Panda and Singh^31,32 analyzed the buckling nature of laminated composite panel with and without SMA wire reinforcements through the HSDT taking Green–Lagrange nonlinearity. Xia and Shen³³ presented buckling and post-buckling amplitudes of FGM with piezoelectric actuators in a thermal environment based on nonlinear von Karman HSDT. Tawfik et al.³⁴ analyzed SMA fibers reinforced laminated panels under the influence of combined aerodynamic and thermal loading through nonlinear FEM based on the von Karman relations. LCP embedded with SMA analyzed for buckling behavior and also concluded the buckling resistance improvement with the utilization of SMA.^35–37 Samadpour et al.³⁸ predicted the nonlinear vibration behavior to estimate critical buckling temperature (CBT) and natural frequency of composite plates embedded with SMA wires. The analysis was based on FSDT with the consideration of von Karman kinematics and Hamilton principle, and 1D Brinson constitutive model was employed to simulate shape memory effect in SMA. Bayat and Ekhteraei Toussi³⁹ also presented the thermomechanical behavior of SMA reinforced composite plates based on one-dimensional Brinson model in thermal environment. Governing equations were developed using Layer-Wise Theory (LWT) of beam along with von Karman relations, to obtain closed form solutions of nonlinear equations.

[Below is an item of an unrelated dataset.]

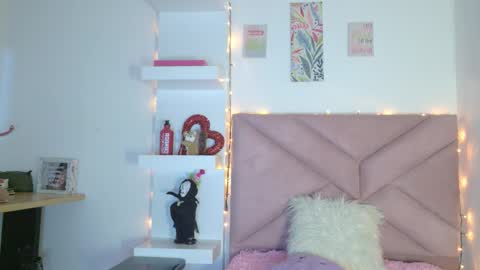 Eva Sin online show from 25, 3, 2026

Asadi et al.⁴⁰ analyzed the temperature based constancy of SMA fiber reinforced layered composites through HSDT and calculated closed-form solution to determine load deflection profile for simply supported condition. Kabir and Tehrani⁴¹ also presented a closed form solution for buckling analysis under thermomechanical loading for a symmetric LCP embedded with SMA wires using nonlinear von Karman sense FSDT. The effect of SMA behavior considering one dimensional Brisnson model was more effectively captured with Active strain energy tuning (ASET) than the active property tuning (APT) method. Karimiasl et al.⁴² performed numerical analysis of buckling phenomenon of hygro-thermally buckled doubly curved composite shells reinforced with SMA wires using Halpin-Tsai model. Analysis was based on third order shear deformation theory (TSDT) with consideration of von Kármán-Donnell geometric nonlinearity.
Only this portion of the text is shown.